Tale situazione era stata non solo percepita distintamente dalla minore, ma anche avvertita da lei come condizionante, e risultata al fine peggiorativa della sua già fragile condizione psico-fisica; si è così determinata quella particolare ipotesi di maltrattamenti consistente in comportamenti vessatori non rivolti direttamente in danno di un figlio minore, ma che lo coinvolgono indirettamente, come involontario spettatore delle condotte poste in essere nei riguardi di altri componenti della famiglia, a condizione che sia stata accertata l'abitualità delle condotte e che le stesse siano idonee ad incidere sull'equilibrio psicofisico dello spettatore passivo.

Il REATO E L’AGGRAVANTE

Il delitto di maltrattamenti in famiglia è un delitto abituale, in quanto il significato stesso del termine “maltrattare” – verbo usato nella costruzione della condotta dal legislatore – indica un comportamento che non si consuma con un unico atto offensivo ma che tende a perpetuarsi in un arco temporale più o meno lungo.

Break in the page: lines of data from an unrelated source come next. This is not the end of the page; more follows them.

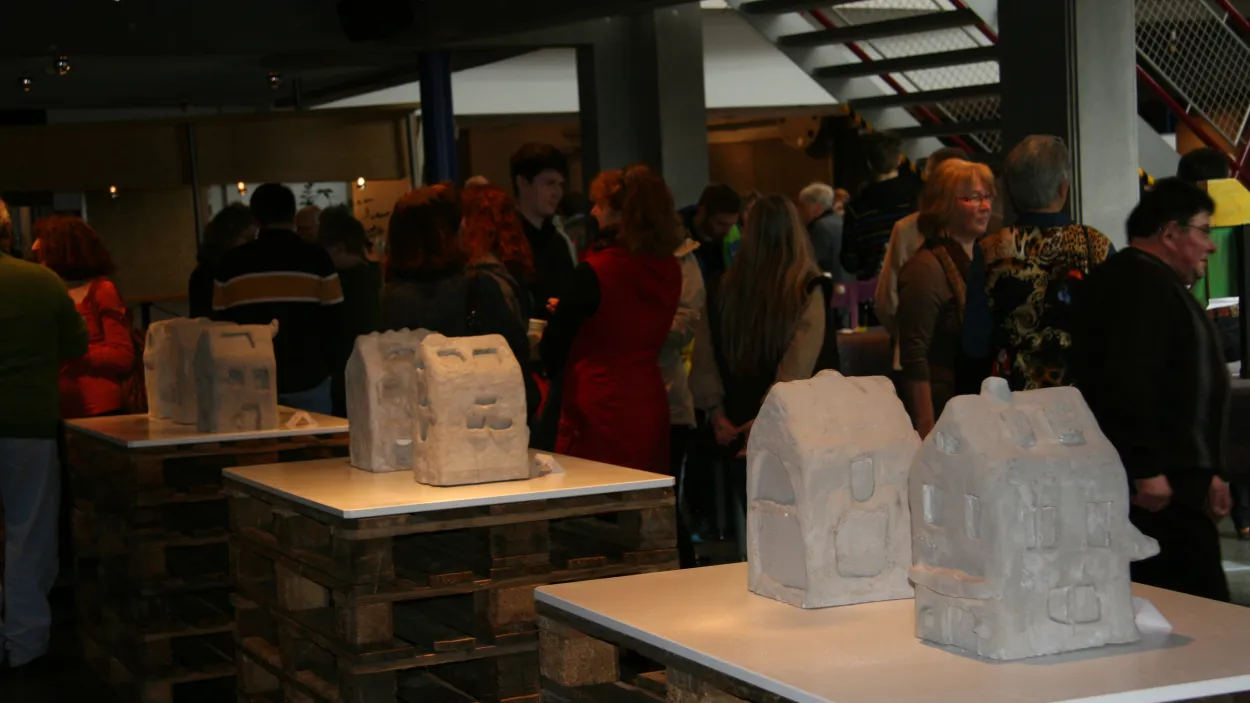 Kunstausstellung der Lebenshilfe Zollernalb im Holcim Werkforum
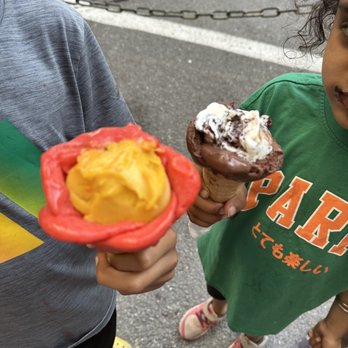 Gelateria Del Porto - Ice Cream & Frozen Yogurt Near Me - Antibes, 06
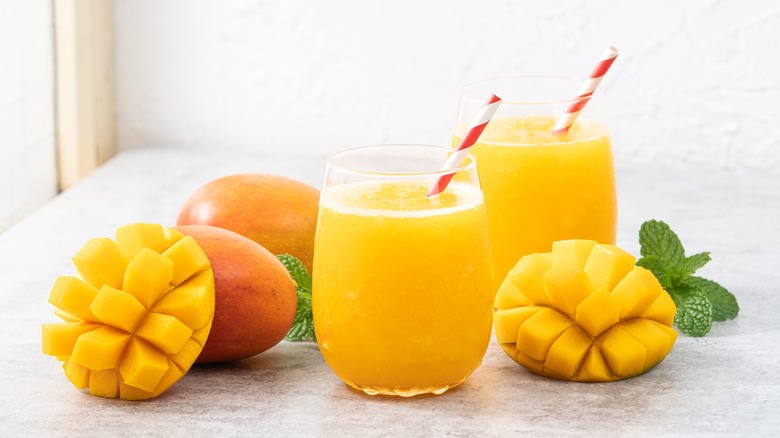 Glasses with mangoes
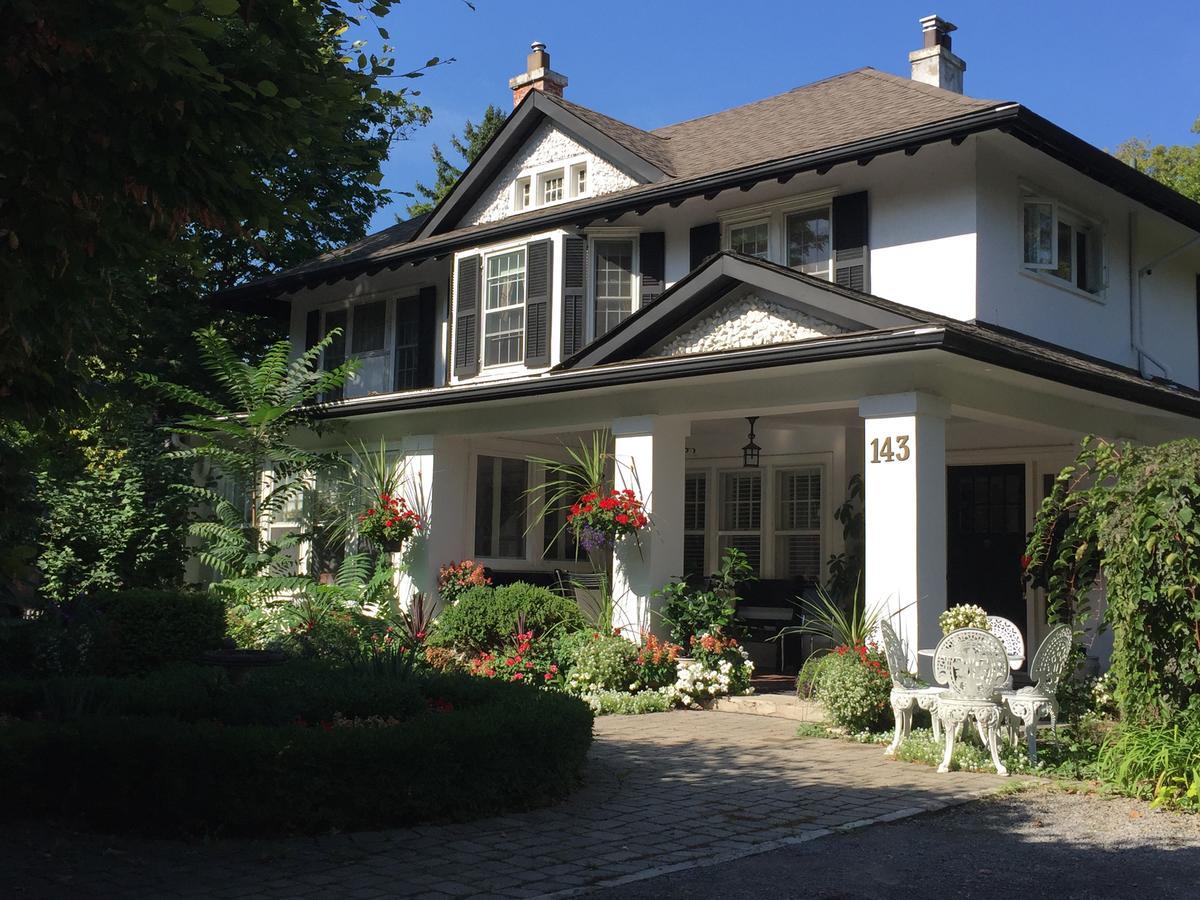 Bernard Gray Hall Bed And Breakfast ナイアガラオンザレイク エクステリア 写真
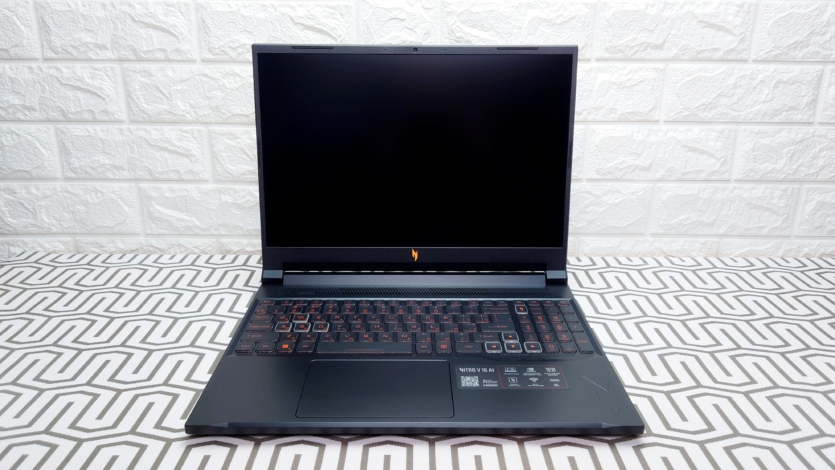 Acer Nitro V 16 AI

In altri termini, le vessazioni fisiche o morali a cui viene sottoposta “una persona della famiglia o comunque convivente” devono essere plurime e reiterate nel tempo.

Recentemente, la Corte di Cassazione ha precisato che l'abitualità nel reato di maltrattamenti in famiglia può essere integrata anche nel caso di più atti, delittuosi o meno, che vengano posti in essere in un lasso temporale non necessariamente prolungato, a condizione che la protrazione della condotta sia comunque idonea a dar luogo ad uno stato di vessazione e soggezione dei familiari conviventi della vittima del reato.

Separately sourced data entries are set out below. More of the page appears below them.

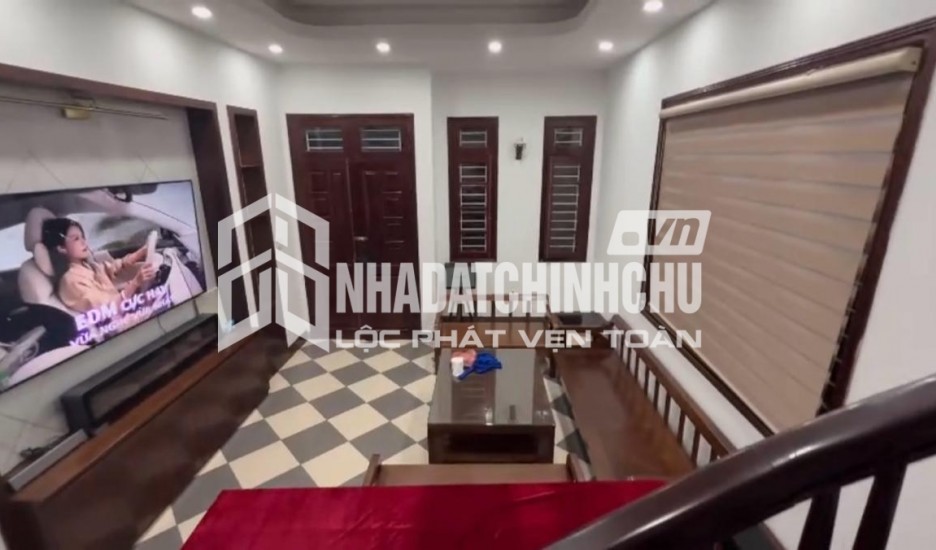 Bán biệt thự Xuân Đỉnh 116m2 4 tầng gara ô tô sân vườn rộng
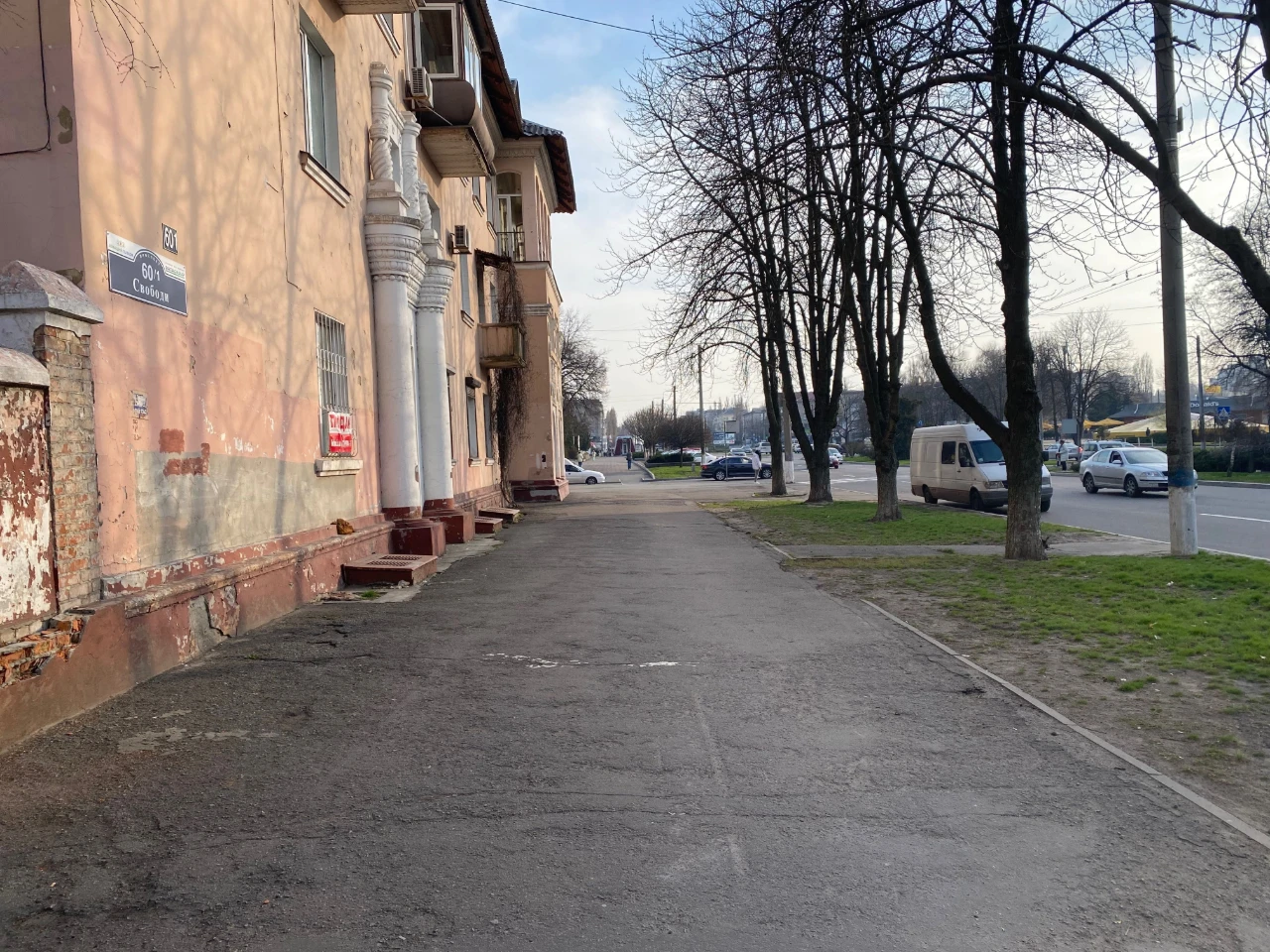 Продаж 4х в Нагірній частині р-н БК «Краз»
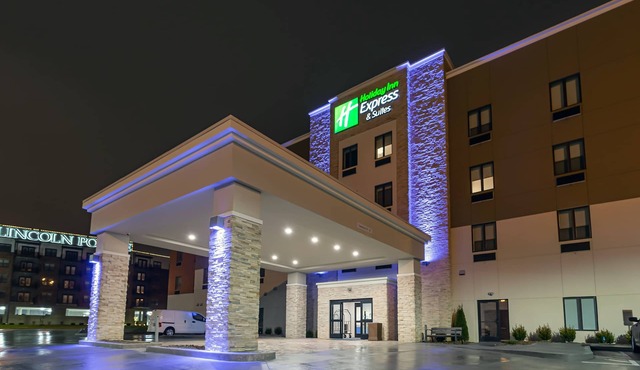 Holiday Inn Express & Suites Columbus - Worthington by IHG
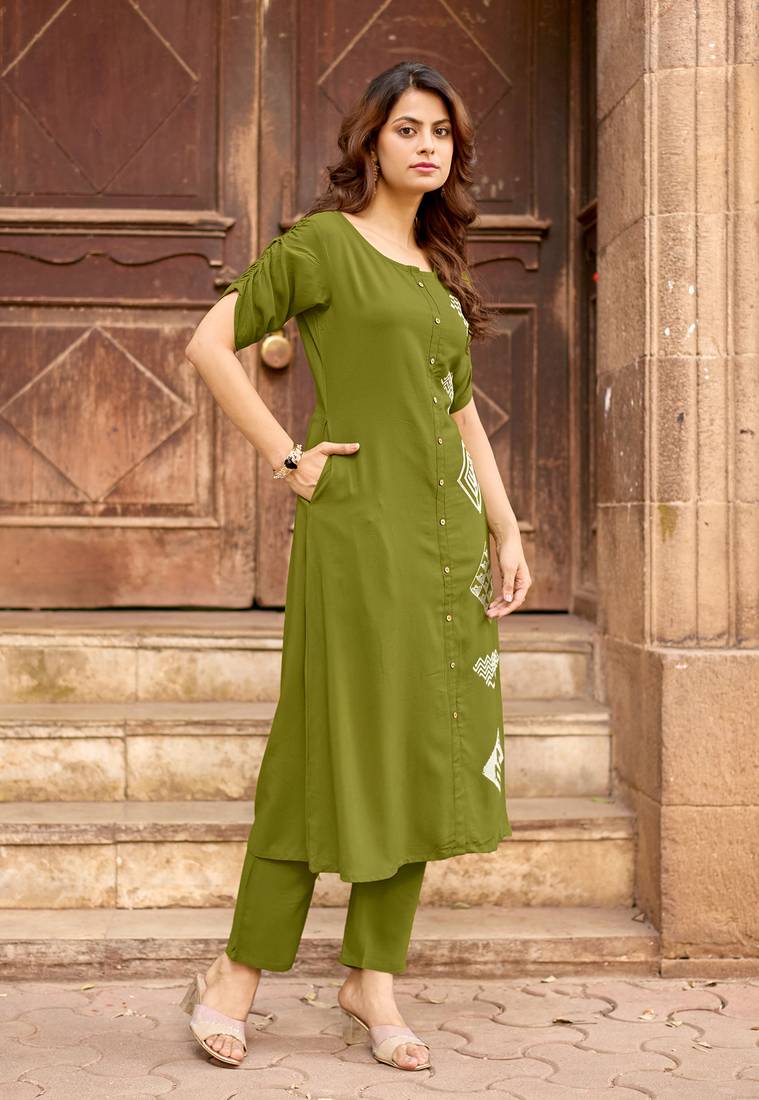 Women Ethnic Motifs Printed  Kurta with Trouser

La durata complessiva dell'arco temporale entro il quale si manifestano le condotte maltrattanti è dunque un dato tendenzialmente neutro ai fini della configurabilità del reato, fermo restando che, se la convivenza si è protratta per un periodo limitato, occorrerà che i maltrattamenti siano posti in essere in maniera continuativa e ravvicinata.

In definitiva, secondo i giudici di legittimità, tanto più è ridotto il periodo della convivenza, tanto maggiore deve essere la ripetitività ed offensività delle condotte maltrattanti, affinché si ritenga instaurato quel clima di abituale vessazione della persona offesa che costituisce l'elemento tipico del reato in esame.

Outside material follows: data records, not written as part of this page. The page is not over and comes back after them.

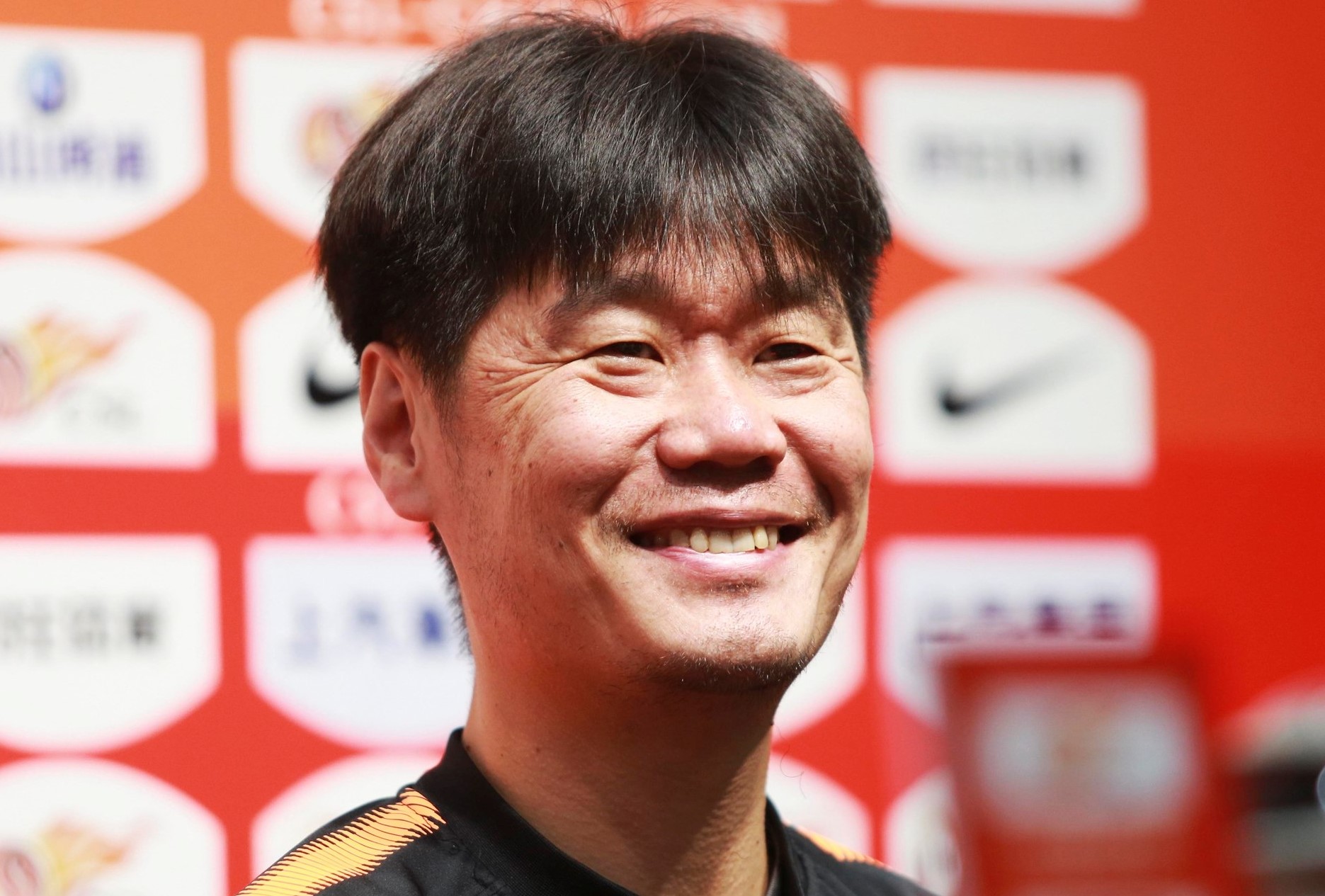 李霄鹏鲁能换帅视频,山东足球李霄鹏最新消息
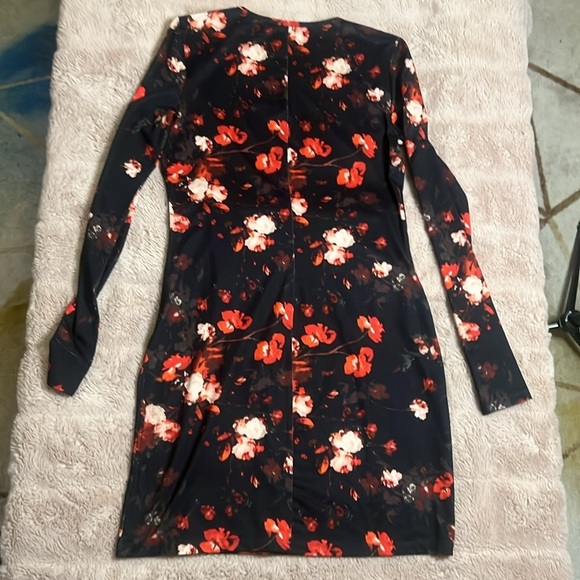 Wilfred floral long sleeve stretch bodycon dress - Picture 10 of 10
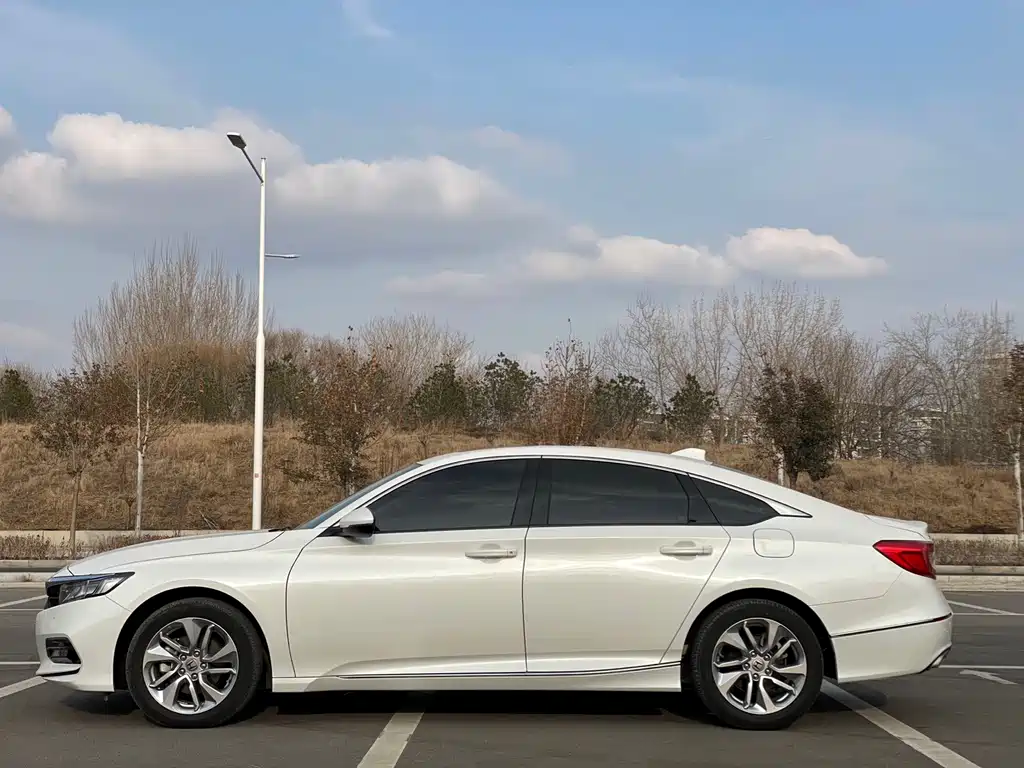 Honda Accord 2021 260TURBO Luxury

Al secondo comma, l’art. 572 del codice penale prevede una circostanza aggravante speciale (“La pena è aumentata fino alla metà se il fatto è commesso in presenza o in danno di persona minore (…)”) che lambisce il concetto giurisprudenziale di “violenza assistita”.

In pratica, la presenza del minore degli anni diciotto agli episodi di maltrattamenti (anche soltanto ad uno degli episodi) comporta un aumento di pena, a cui si affianca, per espressa disposizione del legislatore penale, la qualificazione del minore “spettatore” come persona offesa dal reato (art. 572, ultimo comma, c.p.).

Si tratta di circostanza aggravante che è stata introdotta dalla L. n 69 del 2019 (“Modifiche al codice penale, al codice di procedura penale e altre disposizioni in materia di tutela delle vittime di violenza domestica e di genere”), e che ha inserito nella specifica sede del reato di maltrattamenti analoga circostanza in precedenza prevista (per ciò che concerneva anche il reato di maltrattamenti) come circostanza comune dall’art. 61 n. 11-quinquies del codice penale.

Tale circostanza aggravante si distingue peraltro in modo sostanziale dalla diversa e limitrofa ipotesi della “violenza assistita”, che consiste invece nella realizzazione tout court del reato di maltrattamenti in danno di un minore.

Nel primo caso, non è necessario che gli atti di violenza posti in essere alla presenza del minore rivestano il carattere dell'abitualità, essendo sufficiente che egli assista ad uno dei fatti che si inseriscono nella condotta costituente reato; nel secondo caso, il delitto di maltrattamenti non solo viene commesso alla presenza del minore in maniera abituale, ma quest'ultimo risente e soffre, seppure indirettamente, delle conseguenze di quelle vessazioni fisiche e psichiche.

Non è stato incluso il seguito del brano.